[Date Prev][Date Next][Thread Prev][Thread Next][Date Index][Thread Index]

Re: [Xen-devel] Prototype Code Review Dashboards (input required)



Daniel, (added Jan - search for @Jan)

thanks for the feedback

> On 2 Mar 2016, at 22:45, Daniel Izquierdo <dizquierdo@xxxxxxxxxxxx> wrote:
> 
> On 01/03/16 18:04, Lars Kurth wrote:
>> Daniel, Jesus,
>> 
>> I am going to break my comments down into different sections to make this 
>> more consumable. Let's focus on the A1-A3 use-cases in this mail.
>> 
>> First I wanted to start of with some questions about definitions, as I am 
>> seeing some discrepancies in some of the data shown and am trying to 
>> understand exactly what the data means, and then have a look at the 
>> individual sections.
>> 
>> General, to the Xen-A1.A2.A3 dash board
>> - I played with some filters and noticed some oddities, e.g. if I filter on 
>> "merged: 0" all views change as expected
>> - If I filter on "merged: 1", a lot of widgets show no data. Is this showing 
>> that there is an issue with the data somewhere?
>> - I see similar issues with other filters, e.g. 'emailtype: "patch"'
> 
> In order to bring some context to the dataset, ElasticSearch was initially 
> used for parsing Apache logs. That means that data should be formatted as 'a 
> row = an event'.
> 
> In this dataset there are several events that are defined by the field 
> 'EmailType'. 'patchserie', 'patch', 'comment', 'flag'. And then, depending on 
> that 'EmailType', each of the columns may have some meaning or some other.

That makes sense and is quite important background information and different 
from the original. I think for people to be able to build sophisticated search 
queries - once we have finalised all the fields - we should probably document 
this and the exact meaning of fields (also see below). I was thinking - and I 
volunteer - to put together an extra view that acts like a legend. With the 
editable version of the dashboard, that should be easy to do.

I think we either
- need to look at the panels and come up with some cleaner and clearer 
terminology 
- or, split the panels and make sure that only views which refer  
let me think about it and make a proposal.

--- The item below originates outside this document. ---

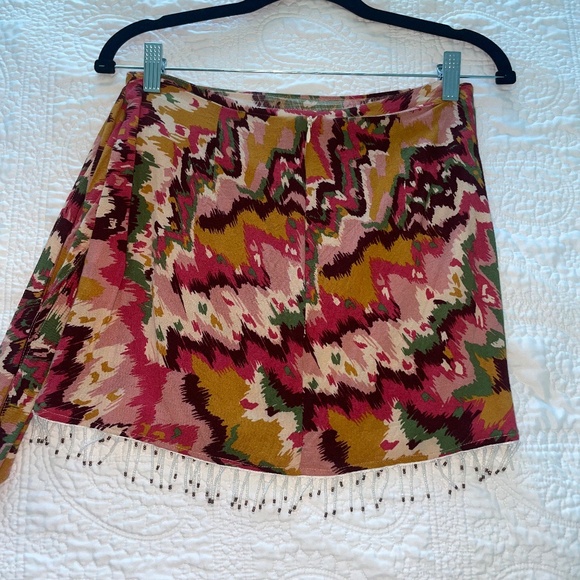 Zara Beaded Multicolor Wrap Mini Skirt - Picture 6 of 9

> This structure uses the 'EmailType' as the central key where the rest of the 
> columns provide extra syntax. For instance, post_ack_comment field only makes 
> sense for the EmailType:comment.

Now I understand.

> Coming back to the comments:
> 
> There are fields that apply only to specific type of events. In the case of 
> 'merge' this applies only in the case of patches. merge:1 would filter 
> patches that are merged (so the rest of the information is literally removed 
> as they are not merged). If we filter by merge:0, these are the rest of the 
> information (even including flags).

OK. I think this is very confusing because when you look at the tables at the 3 
tables at the bottom, all of them show the same fields. And the default for an 
undefined field seems to be 0. Is there any way to make sure that undefined 
fields are set to na or -1 or similar. That would make things clearer. 

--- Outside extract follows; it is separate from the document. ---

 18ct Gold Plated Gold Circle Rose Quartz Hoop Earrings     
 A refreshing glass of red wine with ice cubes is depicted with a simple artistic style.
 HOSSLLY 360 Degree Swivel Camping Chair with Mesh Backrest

> Thus, using the filter merge:1 leads to having info only related to 'patches' 
> in this case.
> 
> As this panel shows information about other types than 'patch', if you filter 
> by some 'emailtype' such as 'patch' then you're focusing only on patches data 
> and this will display the merged and not merged ones.
> 
> In order to improve this, we can either create a panel for type of analysis 
> (one panel for patches, one for comments, etc). Or we can play with adding 
> the 'merge' field to any flag, patchserie, patch and comment whose patch was 
> merged at some point. The latter may sound a bit weird as a 'merged' status 
> does not apply to a flag (Reviewed-by) for instance.

Given that we have a lot of stuff on the panels, we should probably go for the 
1st option. But there may be corner cases, when we may want to go for the 
second. When I go to the editable dashboard version, how can I tell which 
EmailType is used. I couldn't figure that out.

> 
>>> On 1 Mar 2016, at 13:53, Lars Kurth <lars.kurth.xen@xxxxxxxxx> wrote:
>>> 
>>> Case of Study A.1: Identify top reviewers (for both individuals and 
>>> companies)
>>> ------------------------------------------------------------------------------
>>> 
>>> Goal: Highlight review contributions - ability to use the data to "reward" 
>>> review contributions and encourage more "review" contributions
>> The widgets in question are:
>> - Evolution 'Reviewed by-flag' (no patchseries, no patches)
>> - What is the difference to Evolution of patches
>> - Top People/Domains Reviewing patches
>> 
>> Q1: Are this the reviewed-by flags?
> 
> They are only the Reviewed-by flags.
> 
>> Q2: What is the scope? Do the number count
>> - the # files someone reviewed
>> - the # patches someone reviewed
>> - the # series someone reviewed
> 
> The number counts the number of reviews accomplished by a developer or by a 
> domain. A review is accomplished when the flag 'reviewed-by' is detected in a 
> email replying a patch.
> 
> If a developer reviews several patches or several versions of the same patch, 
> each of those is counted as a different review.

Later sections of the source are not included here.